[Data records]

********************

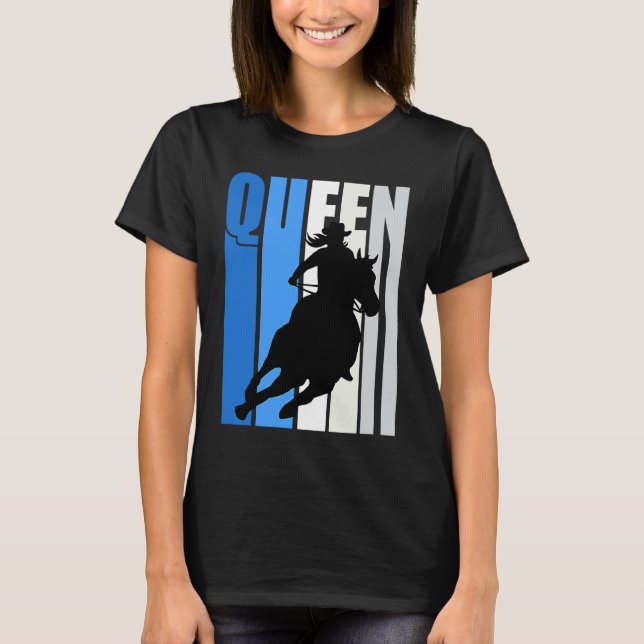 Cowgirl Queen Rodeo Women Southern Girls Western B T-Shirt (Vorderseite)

********************

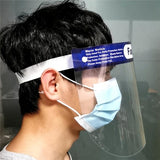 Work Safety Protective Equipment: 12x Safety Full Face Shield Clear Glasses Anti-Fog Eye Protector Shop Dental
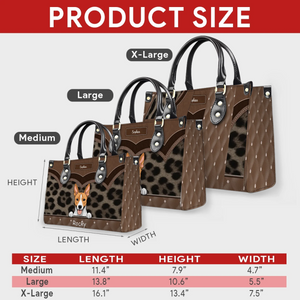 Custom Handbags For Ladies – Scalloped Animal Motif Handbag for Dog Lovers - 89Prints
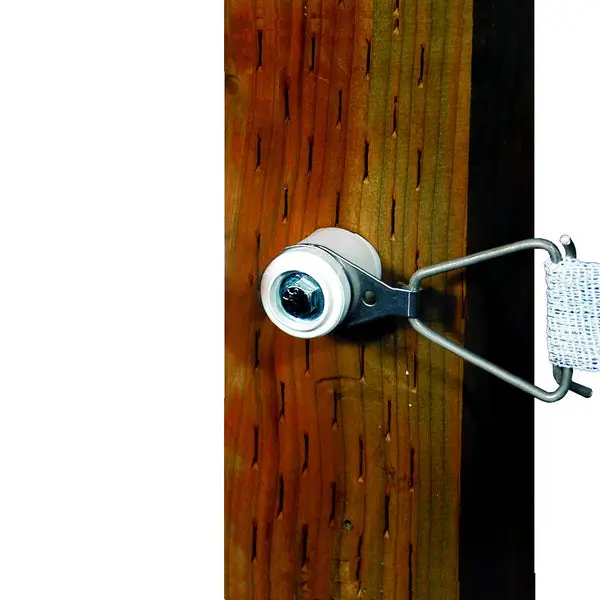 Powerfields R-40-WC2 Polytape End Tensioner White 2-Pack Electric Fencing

********************

[Work item]
Working from the data above, repeat exactly, and only, the lines that begin at the line containing "Work Safety Protective" and stop after the line containing "Powerfields R-40-WC2 Polytape"; pictures are not copied.

[Answer section]
 Work Safety Protective Equipment: 12x Safety Full Face Shield Clear Glasses Anti-Fog Eye Protector Shop Dental
 Custom Handbags For Ladies – Scalloped Animal Motif Handbag for Dog Lovers - 89Prints
 Powerfields R-40-WC2 Polytape End Tensioner White 2-Pack Electric Fencing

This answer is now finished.